## Exercise objective
Every record below is to be retyped exactly, with any pictures left out.

(Image-caption web data)
◆ ◆ ◆ ◆

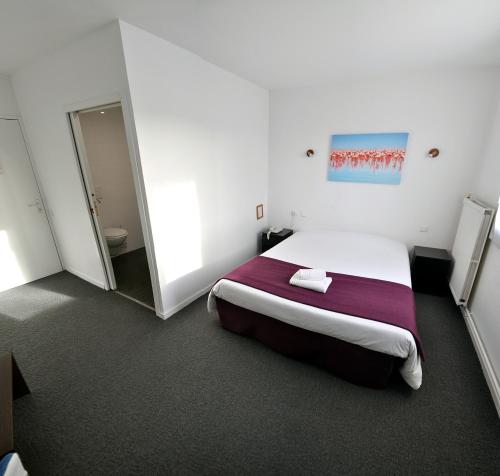a white room with a bed and a mirror at Logis hôtel restaurant la Haute Forêt in Vertou
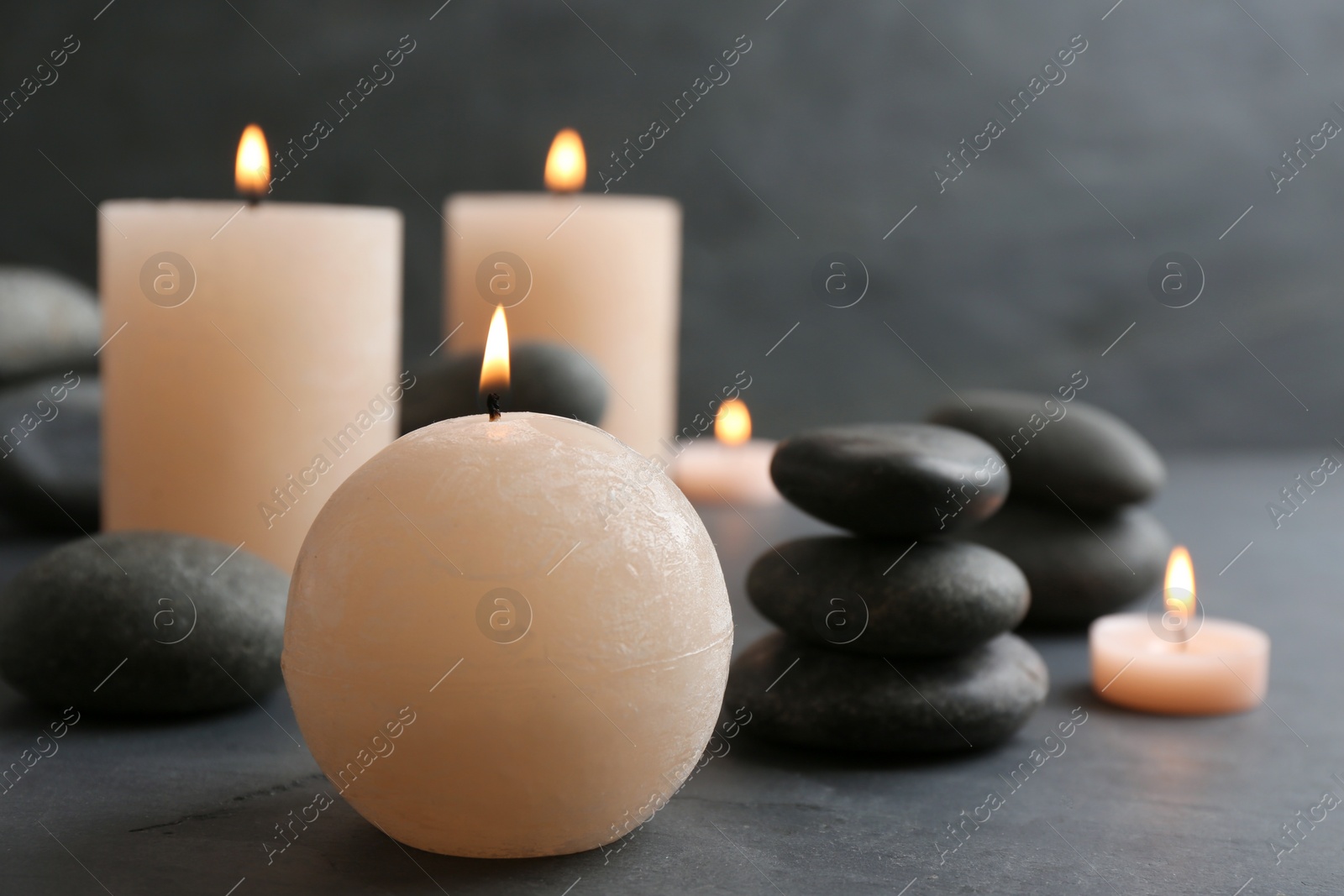 Photo of Beautiful composition with candles and spa stones on table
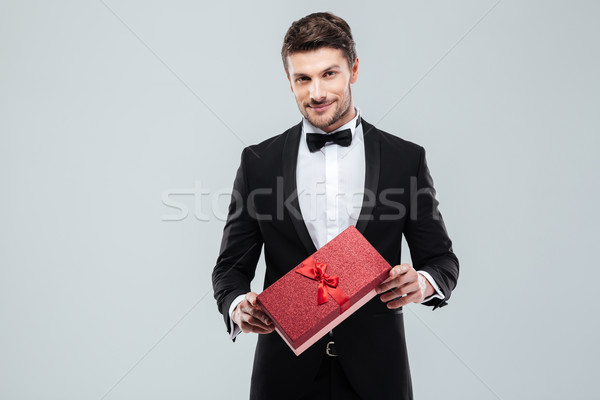 Confident attracive man in tuxedo standing and holding gift box Stock photo © deandrobot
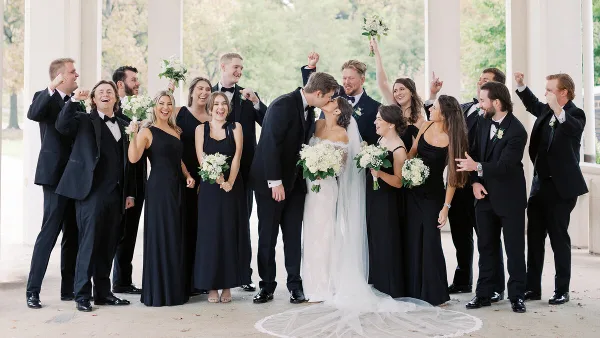 A wedding party including the bride and groom posing together outdoors under a colonnade.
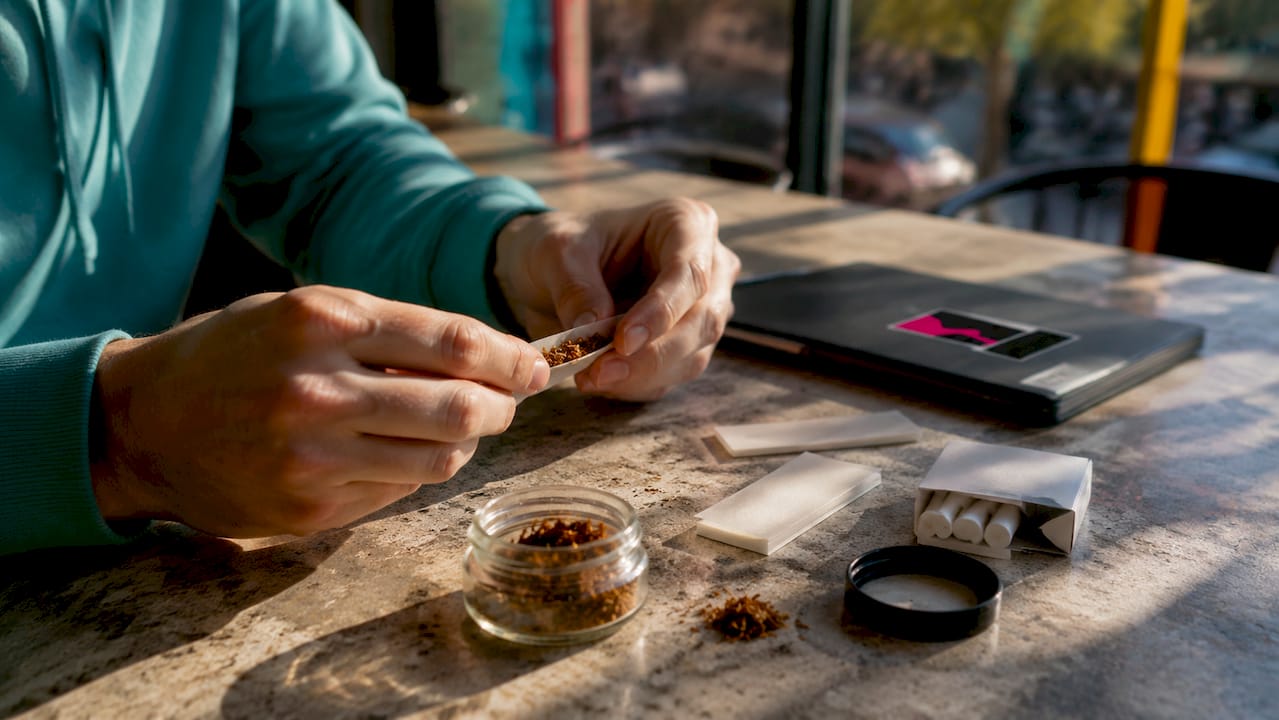 Hands hand-rolling cigarette with tobacco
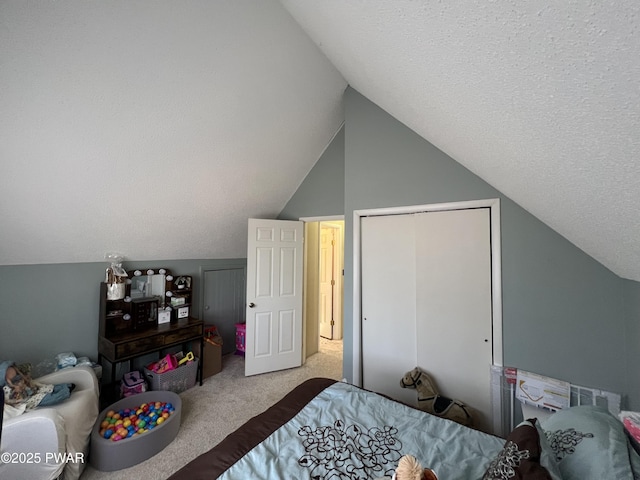 bedroom with a closet, a textured ceiling, carpet flooring, and vaulted ceiling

◆ ◆ ◆ ◆

## Reply to the exercise
a white room with a bed and a mirror at Logis hôtel restaurant la Haute Forêt in Vertou
 Photo of Beautiful composition with candles and spa stones on table
 Confident attracive man in tuxedo standing and holding gift box Stock photo © deandrobot
 A wedding party including the bride and groom posing together outdoors under a colonnade.
 Hands hand-rolling cigarette with tobacco
 bedroom with a closet, a textured ceiling, carpet flooring, and vaulted ceiling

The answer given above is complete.